Published: 9 December 2017

When the going gets tough, advice from a counsellor or social worker can make all the difference.

Jobs in both professions are set to boom, according to Department of Employment figures, with work for skilled counsellors predicted to grow by more than 24 per cent and demand for social workers to rise by 22.5 per cent by 2022.

That's good news for school leavers thinking about working in youth justice, child protection, mental health, aged care and community care, or starting a career in counselling.

Although forecasters predict many jobs will be replaced by automation and dig-bots, giving grief-stricken children and adults a welcoming smile and on-the-spot professional guidance may well survive for many years yet.

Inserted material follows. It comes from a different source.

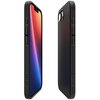 Etui SPIGEN Liquid Air Mag MagSafe do Apple iPhone 16e Czarny mat Typ Etui nakładka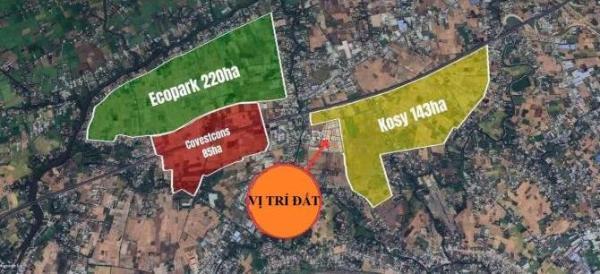 CẦN BÁN NHANH LÔ 2 MẶT TIỀN KINH DOANH ĐỐI DIỆN ECO LONG 🏡 AN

Most universities and colleges offer counselling and social work degrees, average ATAR, 70.

Some are three-year full-time courses, some four, with eligibility to join the Australian Association of Social Workers.

University of Notre Dame Sydney student Sarah Rachel Priest wants to work towards a fair society that has equal access - an approach summed up by the great Australian phrase "a fair go".

Despite belonging to a generation sometimes labelled as being, ahem, a little self-absorbed, Priest says the number of students keen to enrol in social work and related degrees shows otherwise.

"The vast majority of students in this generation show career traits of being empathetic, compassionate and offer a non-judgmental approach," says Priest.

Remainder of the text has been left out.